Olswang advised Jeremy Clarkson during his high-profile falling out with the BBC over a 'fracas' with a producer.
We've all been there. Tired. Irritable. In dire need of a succulent steak to round off a hard day's filming. But unfortunately Top Gear presenter Jeremy Clarkson took it a step too far, thumping producer Oisin Tymon in the face when the piping hot goods weren't promptly delivered. This was one mega-tantrum too far, and Clarkson was going to need a media pro to help patch things up. Fortunately for him, Olswang – whose name is still synonymous with the media industry – stepped up to the challenge and represented Clarkson throughout the ensuing disciplinary investigation.
Top Gear was one of the BBC's most popular shows, attracting millions of viewers per episode, making it one of the most-streamed programmes on iPlayer. With such an appetite for car-talk, fans were understandably upset when the show was axed and Clarkson suspended. And they let their anger be known: a petition to reinstate him was signed by over one million people and dramatically delivered to the BBC on a tank ridden by a man dressed as The Stig. Even prime minister David Cameron spoke up for his old pal, calling the star a “huge talent.”
At the BBC tribunal, Olswang's senior partner Mark Devereux acted for Clarkson, while Slater & Gordon stepped in for Tymon. The decision was not one fans wanted to hear: the outspoken presenter's contract would not be renewed. In the aftermath, BBC director-general Tony Hall made a statement: “A member of staff – who is a completely innocent party – took himself to Accident and Emergency after a physical altercation accompanied by sustained and prolonged verbal abuse of an extreme nature. For me a line has been crossed. There cannot be one rule for one and one rule for another dictated by either rank, or public relations and commercial considerations.” Without Clarkson in the line-up, fellow Top Gear presenters James May and Richard Hammond abandoned ship, declining to sign new deals for the next series.

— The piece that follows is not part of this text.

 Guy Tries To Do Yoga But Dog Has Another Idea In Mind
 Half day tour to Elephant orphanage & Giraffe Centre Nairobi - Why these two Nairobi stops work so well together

But was Clarkson simply going to take this? No way. He now turned to US litigation firm Quinn Emanuel to see if a commercial case could be brought against the BBC for breach of contract. It was reported that the presenter may have switched advisers because of a possible conflict of interest with Olswang: the BBC is one of its key clients, after all. The firm recently advised it when entertainment company AMC paid $200 million for a 49.9% stake in cable channel BBC AMERICA.
So will Top Gear's army of fans be exhibiting withdrawal symptoms for long? We're sure they'll be satisfied soon, as breakfast radio host Chris Evans is lined up to present the latest series of the show. But if viewers still find themselves pining for the chemistry between Clarkson, Hammond and May, there's another option: all three went on to sign a deal with Amazon, and will be creating an exclusive new car show for Prime Video.